Apart from utilizing the self-assembling peptides to understand the pathological mechanism, it is also used to understand the functions and mechanisms of assembly of proteins like collagen. Tobacco mosaic virus (TMV) is also a form of supramolecular structure assembled from a single strand of mRNA along with many copies of identical coat proteins, which organize to form rod-like shape. This TMV has been used by Schlick et al. for the construction of nanoscale materials without disrupting its self-assembly [137]. Peptide molecules also have the ability to self-organize at the air–water interface, which are widely used for mineralization studies because of its resemblance to insoluble proteins found in nature.

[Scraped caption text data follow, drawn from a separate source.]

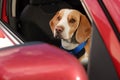Cute Beagle dog peeking out car window Royalty Free Stock Photo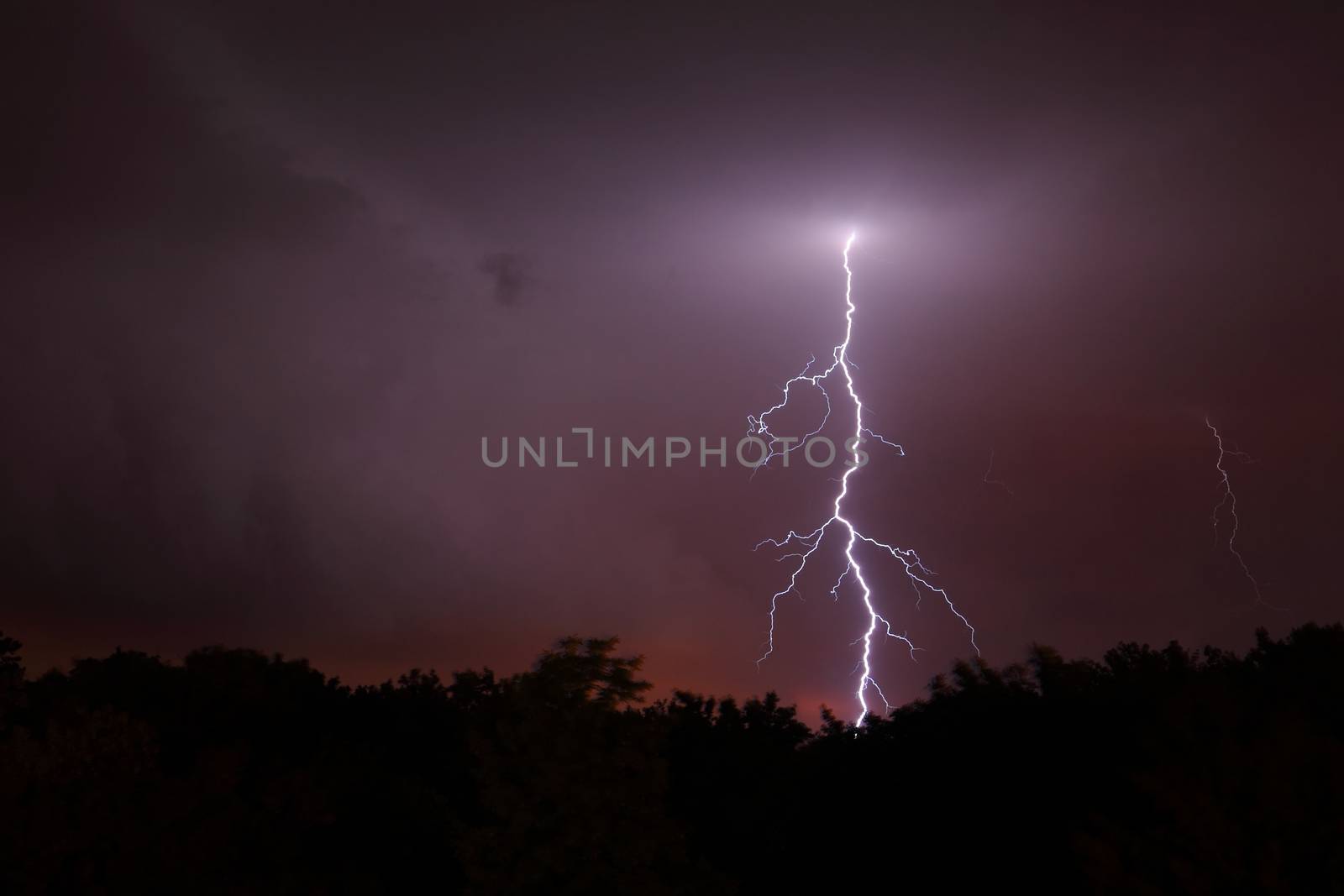 Lightning strikes from the evening sky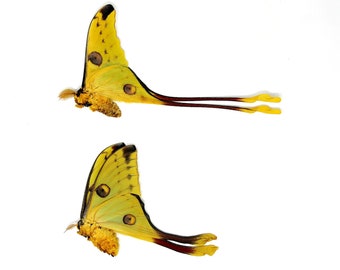 TWO (2) Argema mittrei PAIR, Madagascan Comet Moon Moth | Unmounted Dry-Preserved Specimens | Entomology Lepidoptera A1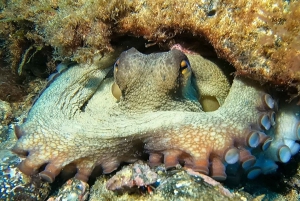 Lanzarote: Beginner Try Scuba Diving Costa Teguise (2 dives)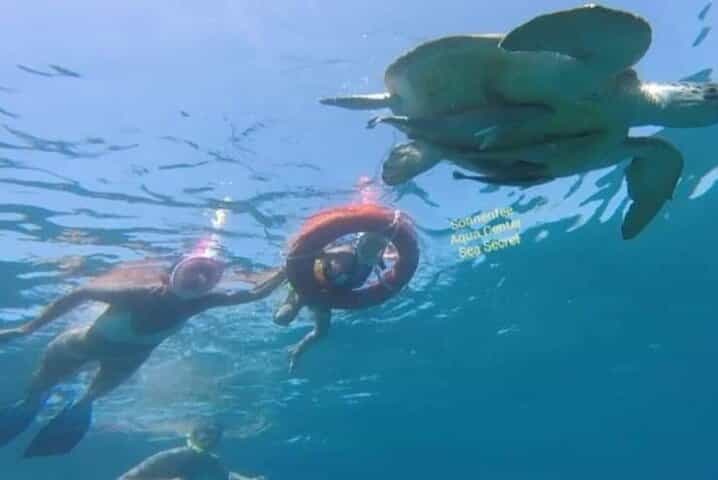 TURTLE BAY MARSA ALAM FROM HURGHADA (abu dabab)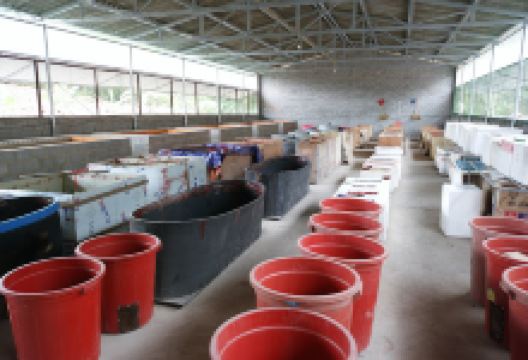 trang trại tắc kè ngọc viên景点图片
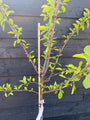 Pruimenboom - Prunus domestica 'Opal' Pruimenboom - Prunus domestica 'Opal'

Tissue Engineering Applications

Self-assembling peptides have gained considerable interest in the field of tissue engineering because functional tissue recovery has been observed in brain and heart lesions [138, 139]. One common example is the incorporation of cell adhesion motif RGD in the peptide sequence, which improves the cell adhesion onto the self-assembled structures formed by peptide amphiphiles. Collagen-mimetic peptide amphiphiles, which self-assemble into nanofibers that exactly mimic the structural and biological properties of the native collagen, have been widely used in tissue regeneration as natural collagen is immunogenic and difficult to process [140]. Molecular lego peptides, such as RAD 16-I and EAK 16, have been used as scaffolds for neurite outgrowth, hepatocyte regeneration, etc. [146]. Chondrocytes encapsulated in a peptide scaffold using a self-assembled peptide with the sequence (Ac-KLDLKLDLKLDL-NH2) exhibited excellent phenotype and secreted its own growth factors within 4 weeks of culture [147].

Drug Delivery Systems

Peptide nanovesicles have been employed as drug carriers and it is believed that these nanovesicles enter the cells via endocytosis mechanism and thus can deliver drugs, genes, etc. [95]. Hydrogelating self-assembling fibers (hSAFs) designed by Woolfson and group using coiled-coil assemblies had limited use as a drug delivery system due to the limitation of rapid drug release. However, this was overcome by incorporating an anionic polyelectrolyte in the cationic peptide [148]. Ghosh et al. designed a smart self-assembling peptide amphiphile that transforms from a linear or spherical form to fibrous form upon altering the pH for drug delivery and in vivo imaging applications [149].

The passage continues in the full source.